Which dish says Spain more than the Paella? From humble beginnings, paella evolved from a simple rice dish into a feast of rice with mixed meat and seafood. Traditionally it is cooked and eaten in the open air and is served directly from the paella to a large group at family gatherings or fiestas. But it is not exclusive to experienced Spanish cooks or to Spanish restaurants, you can make paella at home and this class will show you how.
Our class starts visiting the Antón Martín market (200 m away, open all days except Sundays and holidays) to buy the groceries we will need to cook our menu. We’ll buy vegetables, seafood and perhaps ham, cold cuts, cheese, olives, pastry… the offering and colouring of this traditional way of shopping daily supplies is endless.
Back in the school, you’ll have to apply yourself to prepare your sangría (yes, finally you will know the way to make it), and your the starter: gazpacho, that is a refreshing tomato-based chilled soup. Another taste of Spain worth mastering.

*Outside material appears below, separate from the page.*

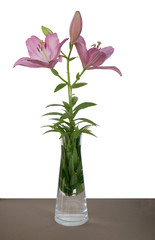 pretty flower of pink lily close up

And then, we will start cooking the paella. Along the preparation, our chef will tell the story of this typical Spanish dish including its origins and its place in Spanish culture as well as handy tips that help you make a paella to be proud of.
Our Paella classes are 4 hours long; 3 hours to go shopping, prepare your gazpacho and cook the paella, and 1 hour to enjoy your creations with the sangría you made at the beginning of the class. Note: on holidays, we’ll prepare one additional tapa, as market is closed.
Dishes are prepared in couples under the guidance of our experienced chef. All lessons are in English and no cooking experience is required.
Class is subject to a minimum attendance of 2 people.